Cette sournoise différenciation en notre sein nous disqualifie de toute prétention égalitariste entre les races à l’échelle du globe. Ça fait mal de se voir opposer incompétence, impotence, infériorité tout court en raison de sa seule couleur de peau. Il fait encore plus mal de subir l’ostracisme de ses pairs au nom d’une structuration sociale héritée de l’imaginaire mutilée des règnes de razzia, de rapine et de rouerie.
Si la famille sénégalaise accepte qu’un de ses membres se marie avec une personne de race blanche et refuse avec la dernière énergie qu’il se lie avec une personne de caste différente, c’est qu’en clair elle autorise la suprématie de l’une sur l’autre. Toutes les castes du Sénégal s’y pratiquent, et du coup, elles s’envisagent solidairement inférieures par effet de ce synchronisme loquace. N’est ce pas étonnant que le pouvoir d’achat ou la seule notoriété arrive souvent à reléguer au second plan toute considération de caste pour temporairement rejoindre celle de pouvoir d’achat ? C’est dire donc que cela ne tient plus à grand-chose si ce n’est à s’inventer une splendeur aussi futile que fausse.
Abdoulaye Wade s’est laissé rattraper par un mal endémique de « sénégalité » connues mais contenues.

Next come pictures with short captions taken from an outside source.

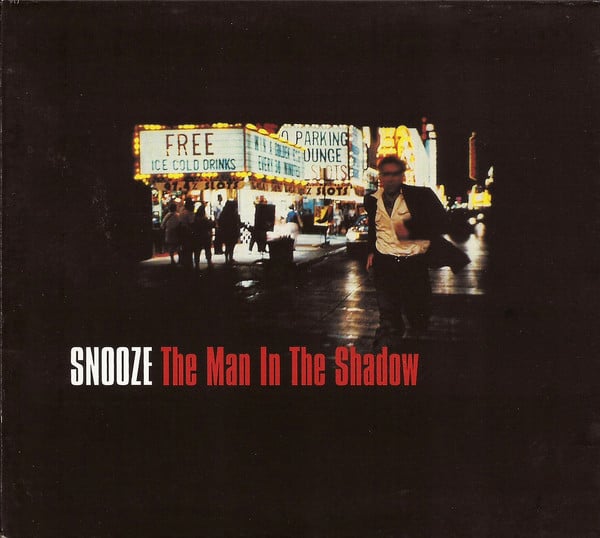 Snooze : The Man In The Shadow (CD, Album)
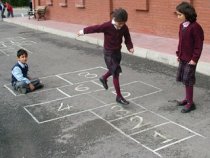 3 children playing hopscotch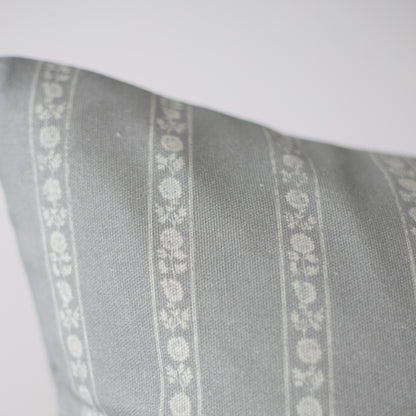 Gray pillow with white floral stripe pattern running vertically down the center.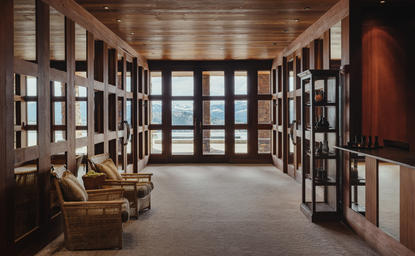 Spa wellness reception at Amangani with latticed doors, wooden beams and seating area overlooking mountains.
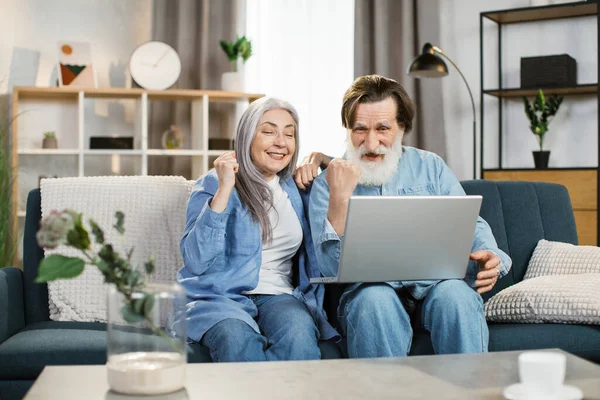 Χαρούμενα ηλικιωμένα ζευγάρια gesturing για εκφράζοντας την ευτυχία, ενώ κάθεται στον καναπέ με φορητό υπολογιστή. — Φωτογραφία Αρχείου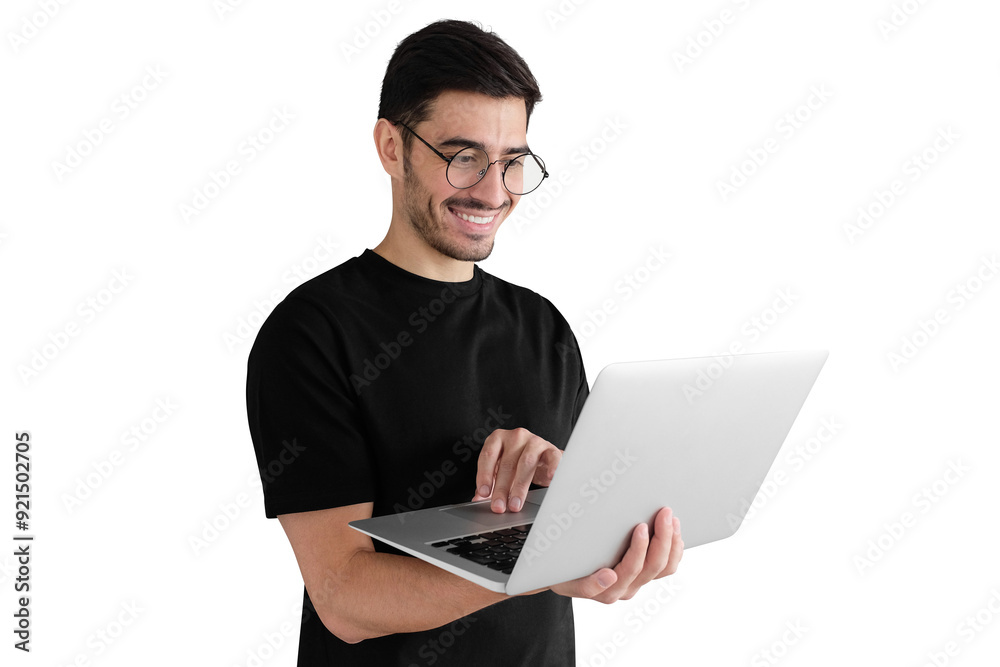Portrait of young man in black t-shirt standing, holding laptop with happy smile Portrait of young man in black t-shirt standing, holding laptop with happy smile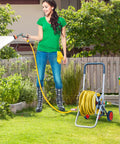 Woman using a Heavy Duty 304 Stainless Steel Garden Hose 3ft Leakproof Flexible Leader Hose for outdoor watering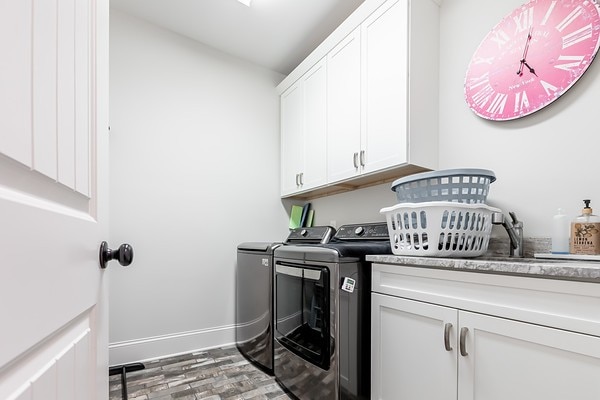 clothes washing area with cabinets, washing machine and dryer, and hardwood / wood-style floors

L’idéologie du sang est bel et bien présente et déterminante à tous les niveaux d’affirmation et de réussite sociale. La République et encore moins l’instruction des classes populaires ne sont parvenues à l’abolir. De la structure familiale à l’appareil d’État, l’attention aux castes s’interfère dans les fonctionnements et dans les organisations. Néanmoins, les nouveaux groupements de classe (économie) supplantent peu à peu les groupements de statuts (castes). Ceci autorise à croire que le critère de mérite, talent individuel, viendra à bout de l’idée collective de l’individu, corolaire du principe aléatoire de “nawlé”.